あらすじ
ある日曜日の朝、男の子はすることがなかったので、シャベルを持って穴を掘ることにした。
穴を掘っていると、いろんな人が話しかけてくる。
男の子はそれでも穴を堀り続け……。
シンプル……
すごくシンプルな内容の本である。
あまりにシンプルなので、いろいろ考えようとしてしまうおとなは、いろいろ考えてしまうかもしれない。
でも別に無理していろいろ考えなくてもいいのかもしれないという気持ちにもなる不思議なノリの絵本である。別にお笑い系の絵本ではない。

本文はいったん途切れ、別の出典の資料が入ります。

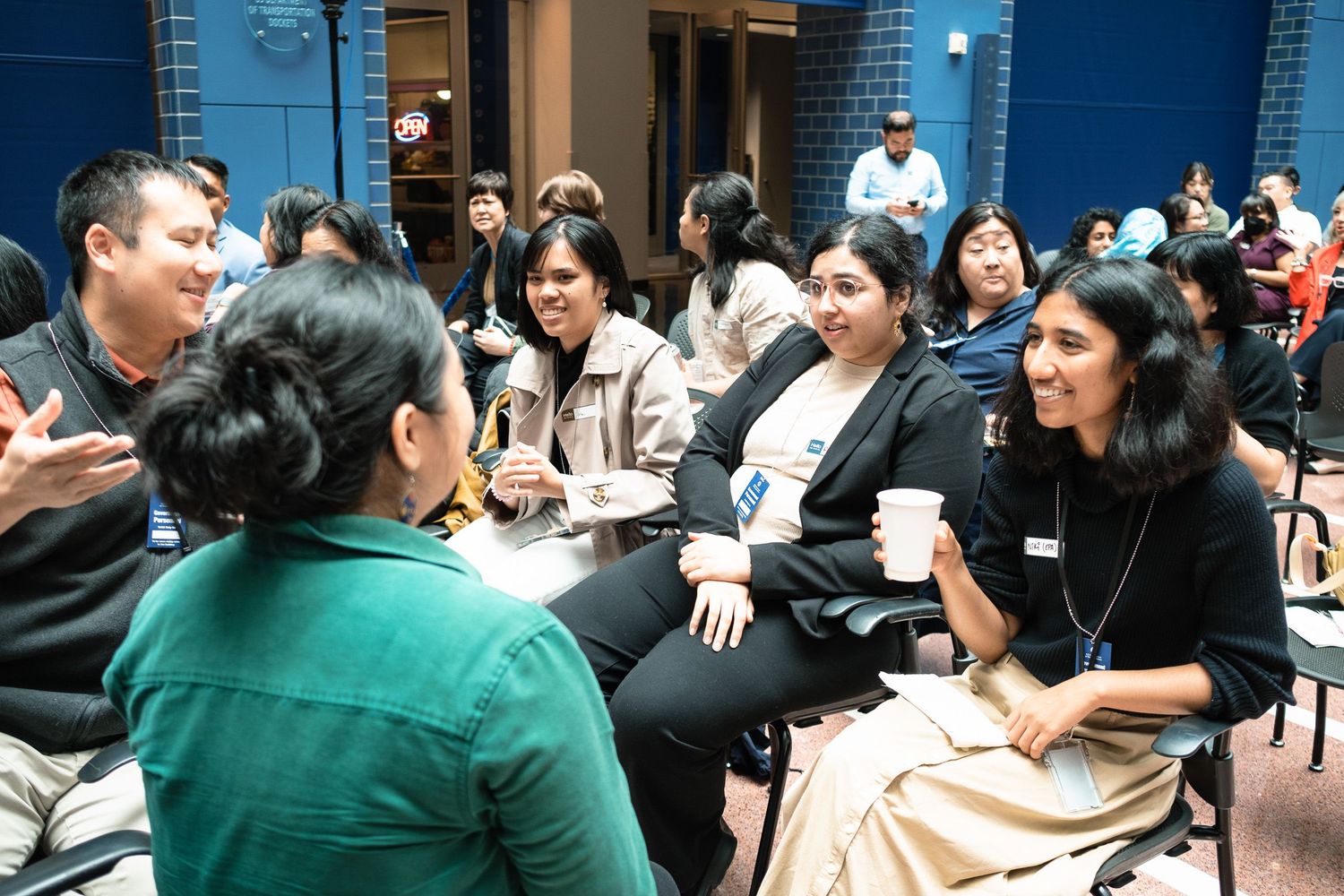 Diverse group of young professionals networking and conversing at an indoor social event.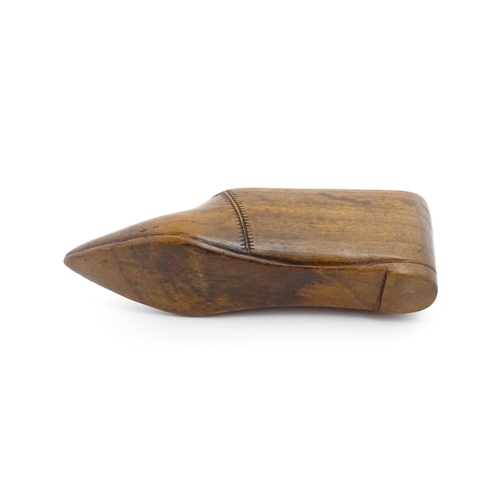 1185 - Treen : A 19thC Continental shoe table snuff box with chip carved decoration to the sliding top. App...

ある男の子が、日曜日の朝、することがなかったので穴を掘ることにした。シャベルを使って、ざくざくと掘っていく。
掘っている間、妹やお母さんや、お父さん、友達など、いろんな人が声をかけてくる。「なにをしているの?」とか、「がんばれよ」とか。でも男の子反応は、それほど激しくない。「まあね」「そうだね」と、さらりと受け流して、ひたすら穴を掘っていくのである。
しばらく掘って、男の子は穴の中に座る。
ふー、といった具合である。
この穴はぼくの穴だ、と考えるのである。これは居場所を作ったかのようにも思えるし、心のいやしを得たかのようにも見える。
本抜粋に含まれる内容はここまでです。